Other People's Children

>>  Thursday, October 07, 2010

Well I've got myself into a right old bother again...trouble is my middle name... usually with a small t but enough to cause another sleepless night.

Would you rebuke a child that wasn't your own?  How would you react if another adult rebuked your child?

If my daughter was being rude to an adult and I wasn't there I would expect them to tell her she was being rude.  If my daughter dropped litter, I would expect another adult to say "hey, pick that up".  It is clear though,  not all parents feel the same. 

Some of my telling children comes from being a Guider.  For example whilst sat in the village car park once one of the Guides walked past and dropped a wrapper.  I wound down my window and said very sternly "A Guide does not drop litter".  She was very put out but picked it up!

Many moons ago in the school playground, as I was seeing my daughter off for the morning, a boy kept repeating everything I said in a sarcastic voice.  I said "please don't do that"  and he said "please don't do that", I said "I don't like it"  he said "I don't like it" ...get the picture.  I said "if you don't stop if I will tell your mum or your teacher that you are misbehaving" and he stopped with a sulk, 'end of' I thought.  No not end of...after school his mum came and banged on my house door with son:
 "did you tell my son off today" 
"yes"
"he has been very upset about it"
"has he"
"he is never naughty, even his teacher said at the parents evening he is a proper gentlemen"
"really"
"he says he didn't do anything"
and so the conversation continued until I apologised to her and her son for clearly being mistaken, just to get rid of her.  But what example does it set to him?  If my daughter came home and said "Mrs Smith told me off today" I would want to know why and my answer would generally be "well you must have done something to deserve it" and the final rest, if we both decided it was completely undeserved, would be to say "what a grump", not to go chasing after them.
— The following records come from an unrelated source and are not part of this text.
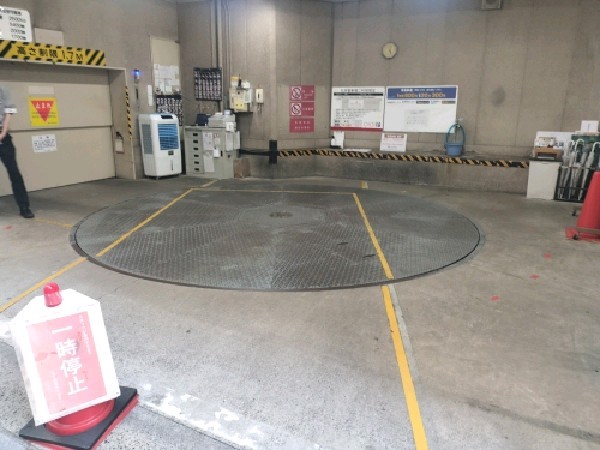 パークワン新宿マルイメン駐車場 の写真 2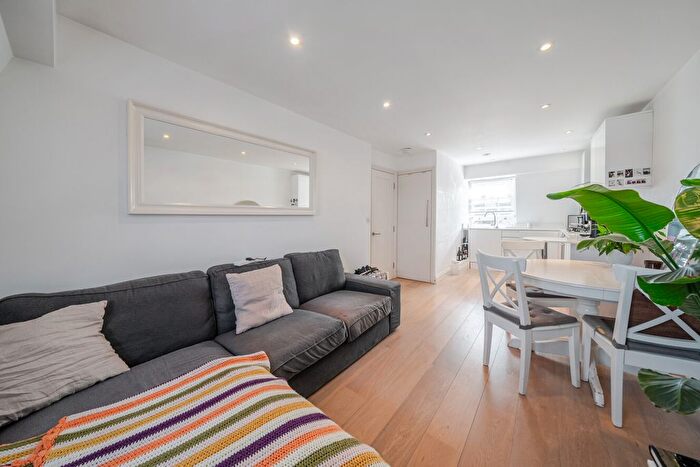 2 Bedroom Flat For Sale In Old Town, London, SW4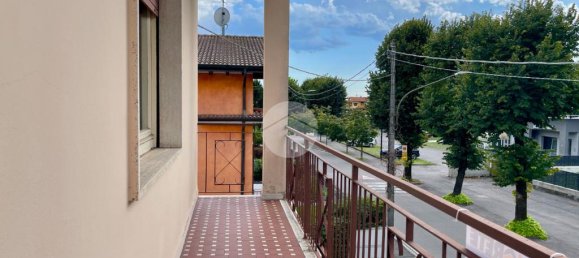 Квартира с 3 спальнями в Торболе Казалья, Италия № 316304 21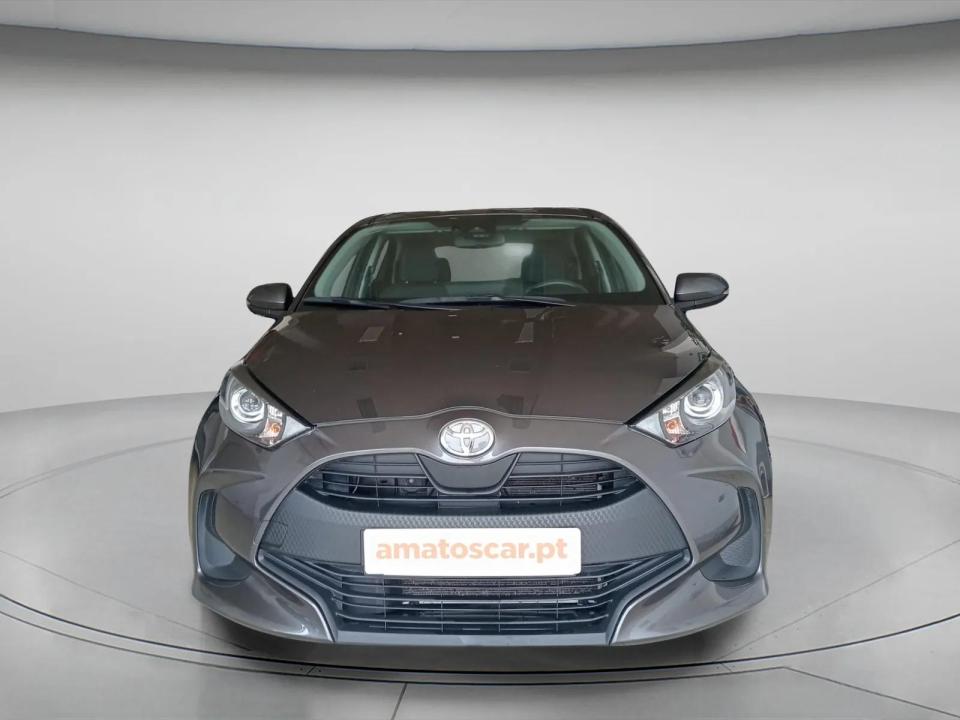 toyota-yaris-2023-gasolina-998cc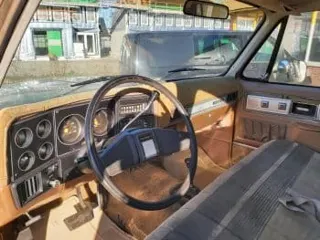 1980 Chevrolet Suburban 4x4 — photo 15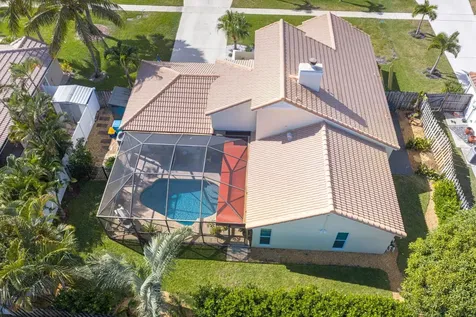 29 Dogwood Circle Boynton Beach FL 33436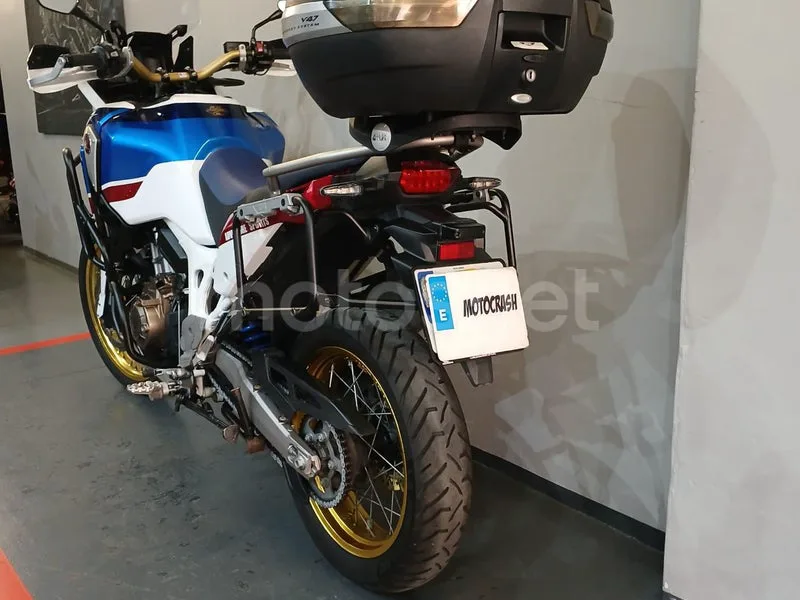 Honda CRF1000L Africa Twin - Vista 6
Today, a similar thing occurred.  2 years ago I rebuked a brownie (in the school playground) for whispering horrid things about another girl to her friend withing clear earshot of the girl and a 'whisper' loud enough to be heard.  For a convoluted reason this has now come to light.  Rebuke is probably too strong a word for it, I will have said something like "that was a mean thing to do" directly to the girls.  So today I find myself justifying my position again.  Sadly the reason for it coming to light is from something I said which would have been better unsaid.  Not a direct child rebuke, but a comment about a child's behaviour that was passed along.  That was a time to keep my mouth closed for sure but should I also be sorry I told a child to stop being mean?

Supernanny would go teach the parents, but I  don't think I'm going to take it that far and to be frank there are many days when I could do with her myself.

But when did behaviour control stop belonging to the community?  When does turning a blind eye to young children's misdemeanours in the playground become ignoring an old person being pounded with snowballs or young children  being picked on by older ones at the park. I want responsible adults to be able to say "hey, no, don't do that" without fear of what their parents might do or say.

Sometimes I want the moon on a stick.

Rant over, in my poke around the interweb for other people's opinions on this I found out about Child Mentoring with Chance UK.  I'll turn a rant into a possible positive, have a look you never know it could be for you.

If you are outside London Home Start has a great opportunities to get out there and help parents and their under 5's.